Given information >>
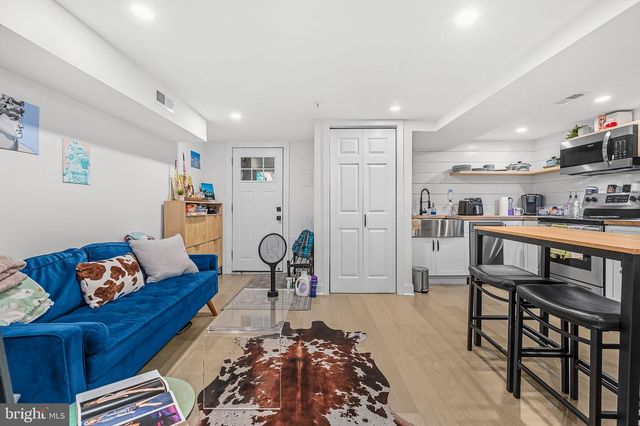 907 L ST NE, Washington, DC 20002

...

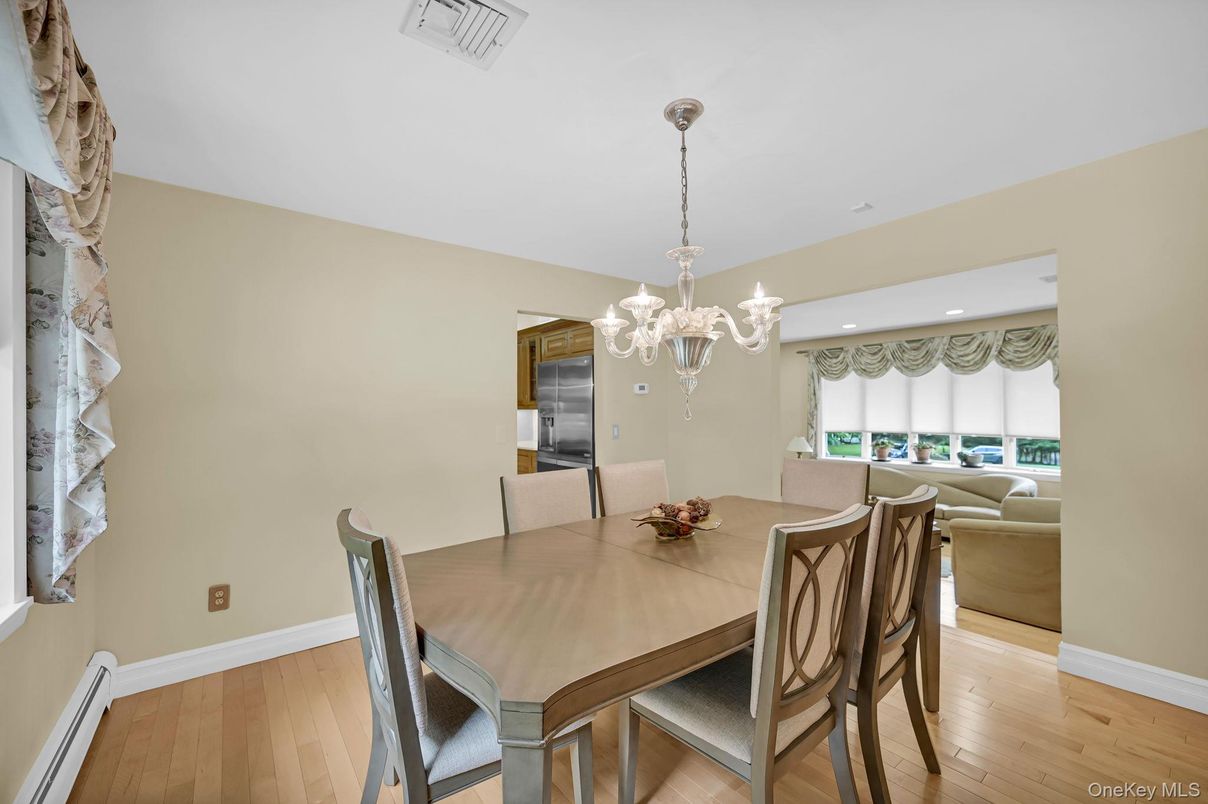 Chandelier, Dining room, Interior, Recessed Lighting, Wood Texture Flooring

* * *

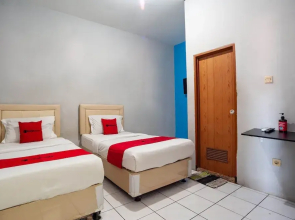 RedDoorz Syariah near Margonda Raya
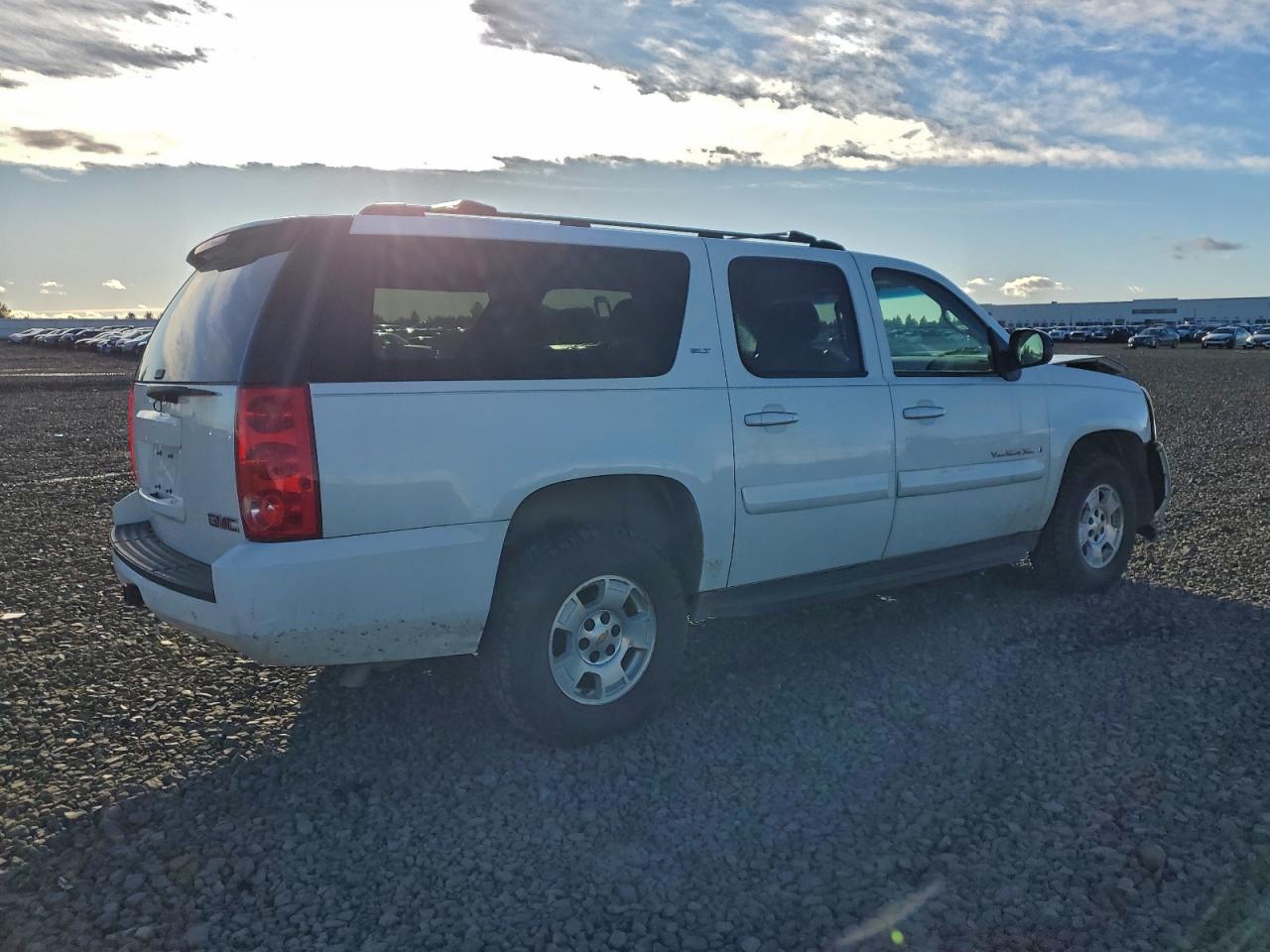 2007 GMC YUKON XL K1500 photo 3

Aim of the exercise >>
Given the records above, return the lines starting at the one that holds "RedDoorz Syariah near Margonda Raya" and ending at the one that holds "2007 GMC YUKON XL K1500 photo 3", exactly, and nothing besides; leave every picture out.

Expected answer >>
 RedDoorz Syariah near Margonda Raya
 2007 GMC YUKON XL K1500 photo 3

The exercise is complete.